Risk profiling should be undertaken during the initial stages of the financial planning process and must be done before any advice is given. There is no set method of risk profiling and the methods used may vary among different financial planners. Some common risk profiling methods include:
Risk Profile Questionnaire
The most commonly used risk profiling tool is the Risk Profile Questionnaire. This involves asking the investor a series of questions, to determine their reaction to different financial outcomes. The investor’s responses are then scored and classified into a category of investment style.
Risk Tolerance Line
Using usually a five or ten point scale, the investor is asked to indicate their preferred place on the scale. The scale ranges from low-risk tolerance to a high-risk tolerance.
This method takes into account what life stage the investor is in. Generally, it assumes that a younger investor is more concerned with wealth accumulation and would have a more aggressive risk profile and that older investors are more concerned with income and would therefore have a less aggressive risk profile.
This method tests how different outcomes would affect the investor’s financial capacity, such as how the investor’s financial capacity would be affected if the expected return was not realised.
How do I know whether my risk profile is accurate?
Once the financial planner has developed a risk profile, they must share this with their client who must then sign off having had the opportunity to read and correct anything inaccurate or disagreed with and to signify they are ready to proceed. This includes acknowledging that the risk profile determined by the financial planner is appropriate for their circumstances. If the client feels that their risk profile is inaccurate, they are able to discuss the categorisation and nominate another risk profile which better reflects their circumstances.
Will my risk profile ever change?
It is normal for risk profiles to change over time. This can be attributed to changes in the investor’s attitude to risk or their changing personal circumstances, such as starting a family or buying a house. As such, a financial planner should review a client’s risk profile regularly. If you feel that your circumstances and/ or risk profile has changed, you should inform your financial planner as soon as possible.
What should I do if my financial planner has been negligent?
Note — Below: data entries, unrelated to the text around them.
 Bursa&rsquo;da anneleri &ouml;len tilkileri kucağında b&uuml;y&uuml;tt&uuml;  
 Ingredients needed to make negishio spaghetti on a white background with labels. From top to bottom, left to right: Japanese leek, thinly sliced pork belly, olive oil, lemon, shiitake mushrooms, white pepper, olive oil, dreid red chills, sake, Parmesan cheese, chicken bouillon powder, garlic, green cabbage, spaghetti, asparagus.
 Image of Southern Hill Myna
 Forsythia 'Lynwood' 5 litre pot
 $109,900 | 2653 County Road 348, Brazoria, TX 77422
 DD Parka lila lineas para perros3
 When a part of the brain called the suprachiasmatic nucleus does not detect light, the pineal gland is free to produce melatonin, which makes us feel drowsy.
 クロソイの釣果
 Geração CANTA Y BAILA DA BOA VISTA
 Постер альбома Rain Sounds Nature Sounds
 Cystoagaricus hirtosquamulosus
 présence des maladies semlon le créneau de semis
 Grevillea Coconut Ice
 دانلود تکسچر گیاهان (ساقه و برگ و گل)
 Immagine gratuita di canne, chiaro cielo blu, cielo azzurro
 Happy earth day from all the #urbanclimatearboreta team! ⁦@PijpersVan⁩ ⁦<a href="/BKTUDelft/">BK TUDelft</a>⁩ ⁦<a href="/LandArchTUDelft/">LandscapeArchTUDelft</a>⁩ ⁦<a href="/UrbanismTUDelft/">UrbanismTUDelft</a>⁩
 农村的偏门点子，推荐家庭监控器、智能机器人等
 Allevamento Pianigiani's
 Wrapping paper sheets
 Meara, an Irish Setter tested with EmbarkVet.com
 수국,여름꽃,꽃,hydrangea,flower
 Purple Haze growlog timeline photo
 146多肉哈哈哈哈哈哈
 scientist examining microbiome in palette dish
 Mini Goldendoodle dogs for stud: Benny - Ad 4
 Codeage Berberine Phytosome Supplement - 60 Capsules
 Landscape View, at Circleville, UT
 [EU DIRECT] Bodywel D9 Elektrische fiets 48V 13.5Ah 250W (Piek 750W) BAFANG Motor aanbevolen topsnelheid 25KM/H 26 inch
Before you act upon any financial advice, you should ensure that it has been given in light of your financial and personal circumstances and that it will help you to achieve your financial objectives and goals. If you feel that your financial planner has not properly assessed your risk profile, or that any advice given was not in line with your risk profile, this may constitute negligent financial advice and you may be eligible to make a financial negligence claim against them.